Son spectacle Bros, présenté à la MC93, est pensé, réglé. Mais trop de violence, jusqu’à une complaisance certaine, anéantit toute réflexion.
Plus le temps passe, plus on a l’impression que les artistes de théâtre pensent que les spectateurs sont sourds et aveugles, décérébrés, et qu’ils n’ont aucune vision du monde comme il va. Seul Milo Rau peut arracher des faits à la réalité et les retranscrire « dramatiquement ». Et encore, pas toujours, quelquefois, justement, il bascule et surligne…
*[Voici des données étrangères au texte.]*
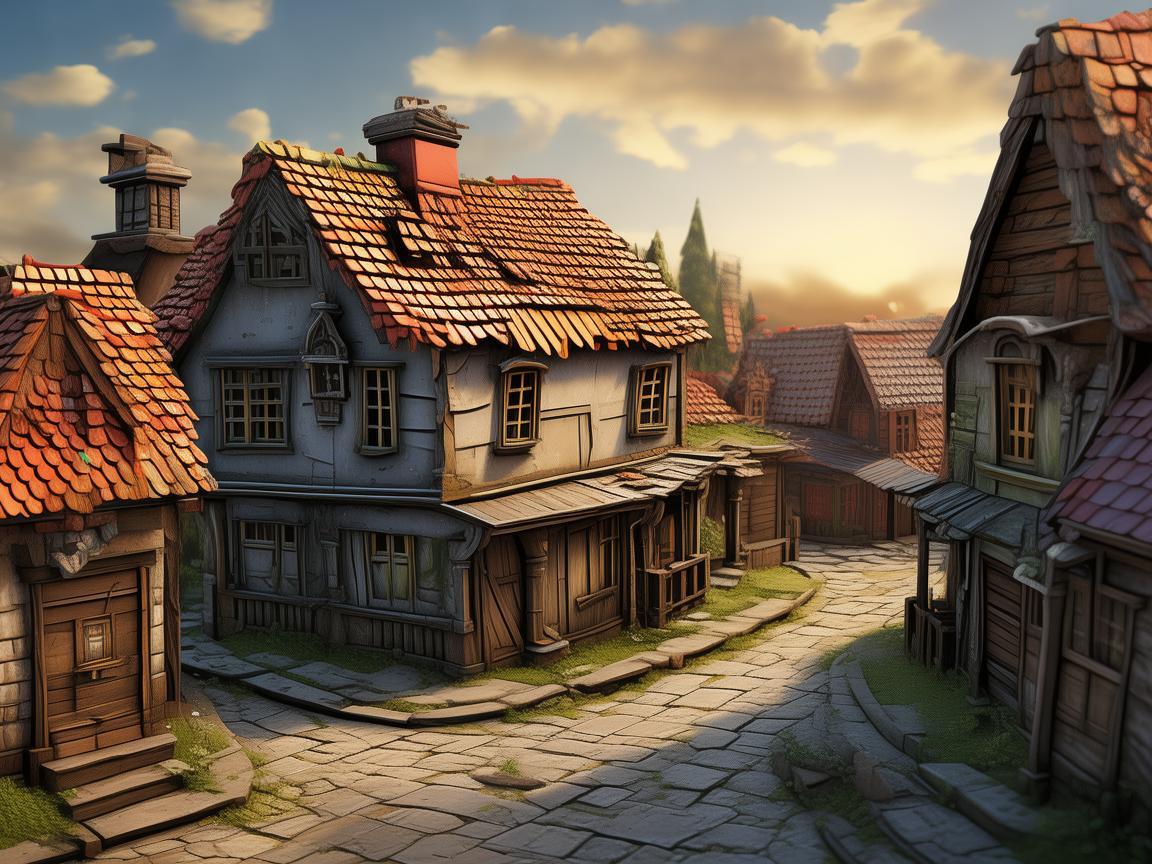 屋顶下沉物业会解决吗？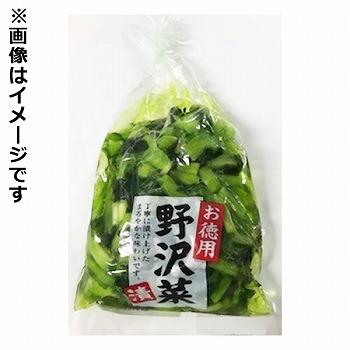 信濃食品 お徳用野沢菜 300g | イオン福島店 - ネットスーパー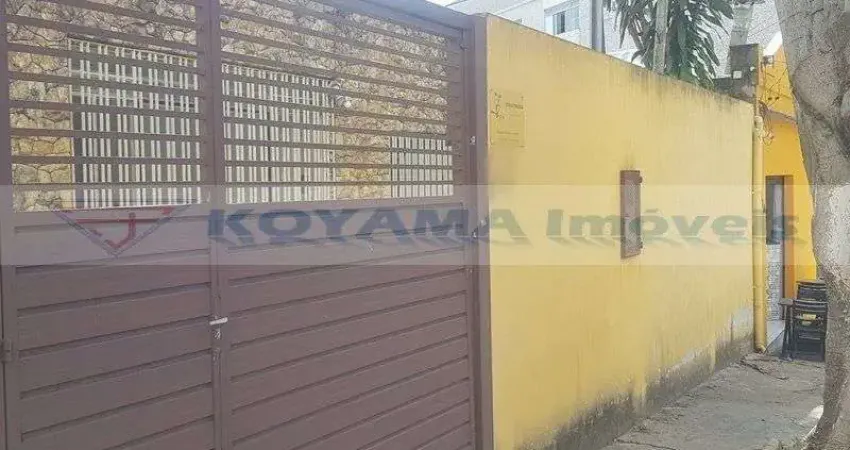 Casa residencial/comercial com 3 dormitórios, 154m² - venda ou locação - mirandópolis - são paulo/sp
Roméo Castelluci est indéniablement un grand artiste, un plasticien nourri de culture chrétienne et de réflexion sur les textes de religion, de sagesse, de philosophie.
Lorsque l’on pénètre dans la salle de la MC93, les monstrueuses machines sont en place. Une tourelle énorme posée sur le plateau au côté d’un engin plus petit. L’ouverture est fracassante avec ses tonnerres d’explosions, de rafales, de tirs adressés au public…
On se souvient en souriant gentiment du Vieil Hiver de Roger Planchon. Les futs des canons s’adressaient aussi aux spectateurs…Et puis on n’a pas oublié Les Damnés et la scène ultime imaginée par Ivo van Hove.
Ici, il n’y a pas que cela. Sur le plateau, des dizaines de policiers, genre flics américains. Un moment, certains vont grimper dans les gradins et fermer les sorties. Ils redescendront tandis qu’un molosse se déchaîne, sur scène, en aboiements agressifs qui rappellent les furieux déchaînement d’un chien tentant de déchirer un homme sur la scène du palais des Papes, tandis que Castellucci –c’était lui, protégé par des combinaisons- en une évocation de Dante.
Mais la scène la plus terrible, insoutenable dans sa complaisante longueur, c’est celle du passage à tabac d’un homme frêle, maigre même, sur corps duquel une matraque s’abat sans discontinuer, des minutes et des minutes durant.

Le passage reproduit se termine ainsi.